A user mode anti cheat is immediately defeated by a kernel mode cheat, and cheaters have already moved past this in practice.

A user mode anti cheat (on windows) with admin privileges has pretty much full system access anyway, so presumably if you have a problem with kernel AC you also have a problem with user mode.

Lastly, cheating is an arms race. While in theory, the cheaters will always win, the only thing that actually matters is what the cheaters are doing in practice. Kernel mode is default even for free cheats you download, so the defaults have to cover that.



this is a common misconception, just because you're in kernel-mode doesn't mean you are immediately undetected and things are not as easy people initinally think.

First, point of ingress: registry, file caches, dns, vulnerable driver logs.

Memory probe detection: workingsets, page guards, non trivial obfuscation, atoms, fibers.

Detection: usermode exposes a lot of kernel internals: raw access to window and process handles, 'undocumented' syscalls, win32, user32, kiucd, apcs.

Loss of functionality: no hooks, limited point of ingress, hardened obfuscation, encrypted pages, tamper protection.

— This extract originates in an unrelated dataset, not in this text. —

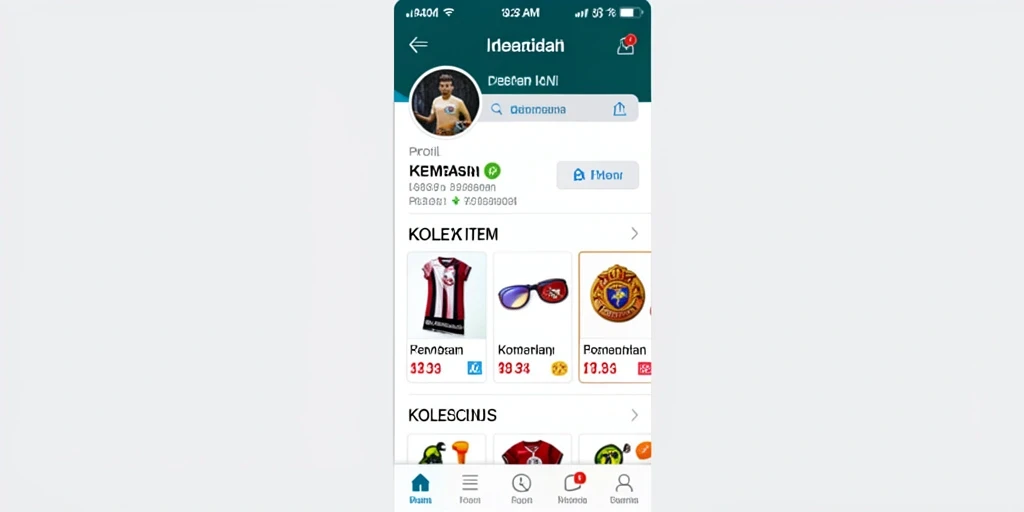 Screenshot memperlihatkan fitur multiplayer yang menarik.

I could go on, but generally "lol go kernelmode" is sometimes way more difficult than just hiding yourself among the legitimate functionality of 3rd party applications.

This is everything used by anticheats today, from usermode. The kernel module is more often than not used for integrity checks, vm detection and walking physical memory.


It's too bad we have to play this semantics game of "most vs all" every. Single. Time. On. This Damn Site.

So let me summarize the above thread:

Yes, there will always be workarounds for ANY level of anti-cheat. Yes, kernel-mode anti-cheat detects a higher number of cheats in practice, and that superiority seems durable going forward.

There, I think we can all agree on those. No need to reiterate what has already been posted.


I think it misses the fact that kernel anticheats generally do not reduce overall cheating compared to a good user-mode anticheat + good obfuscation and binary protection + strong report system and behavior analysis. If you add a kernel-mode anticheat to that I'd estimate that it helps only around 5% more while being way more invasive and causing widespread issues (as the original blog describes).

source: observation of games implying stronger anti-cheat measures over time and customer count staying exactly the same or growing. league of legends is a prime example, although it did create a crater for awhile. this all comes from people who actively sell cheats.


I’m sorry but what’s your source for this? This is a fairly wild claim.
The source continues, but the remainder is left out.